**TASK TO COMPLETE**
All of the records below are to be printed exactly; the pictures are to be left out.

Stored records:
_ _ _

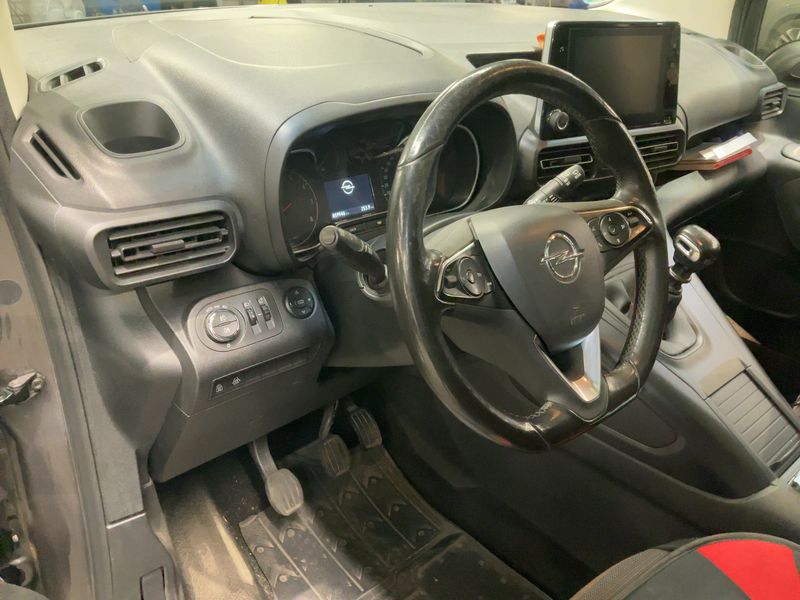 Opel Combo Life 1.5 CDTI INNOVATION — zdjęcie 12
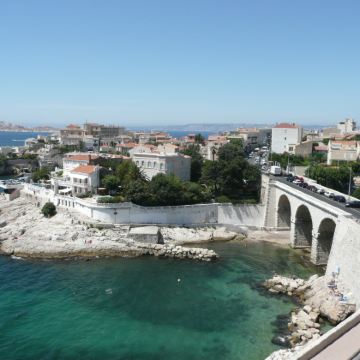 法国莱博德普罗旺斯+加尔桥+阿维尼翁+教皇宫一日游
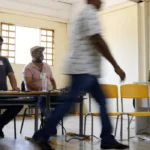 Cerca de 158,7 milhões de eleitores vão às urnas em todo o país
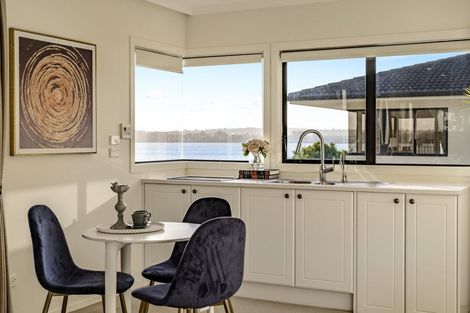 Photo of property in 38 Venus Place, Half Moon Bay, Auckland, 2012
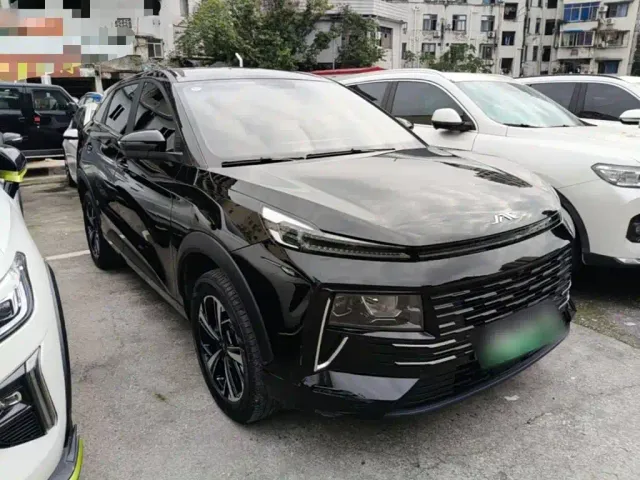 JAC Motors QX PHEV — Фото автомобиля 3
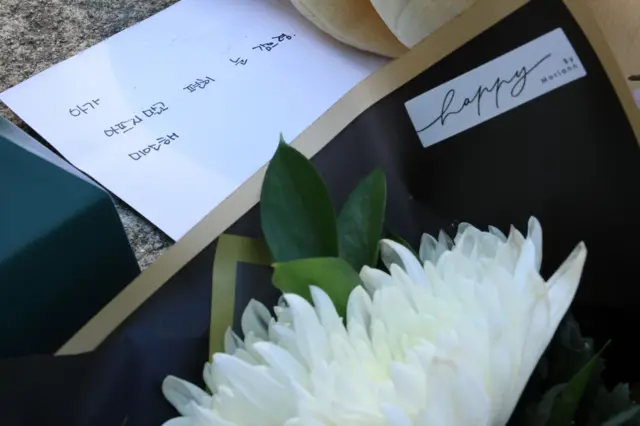  ဆရာမသတ်လို့ ကျောင်းသူ သေဆုံးမှုအတွက် ပူဆွေးခဲ့ကြ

_ _ _

**YOUR SOLUTION**
 Opel Combo Life 1.5 CDTI INNOVATION — zdjęcie 12
 法国莱博德普罗旺斯+加尔桥+阿维尼翁+教皇宫一日游
 Cerca de 158,7 milhões de eleitores vão às urnas em todo o país
 Photo of property in 38 Venus Place, Half Moon Bay, Auckland, 2012
 JAC Motors QX PHEV — Фото автомобиля 3
  ဆရာမသတ်လို့ ကျောင်းသူ သေဆုံးမှုအတွက် ပူဆွေးခဲ့ကြ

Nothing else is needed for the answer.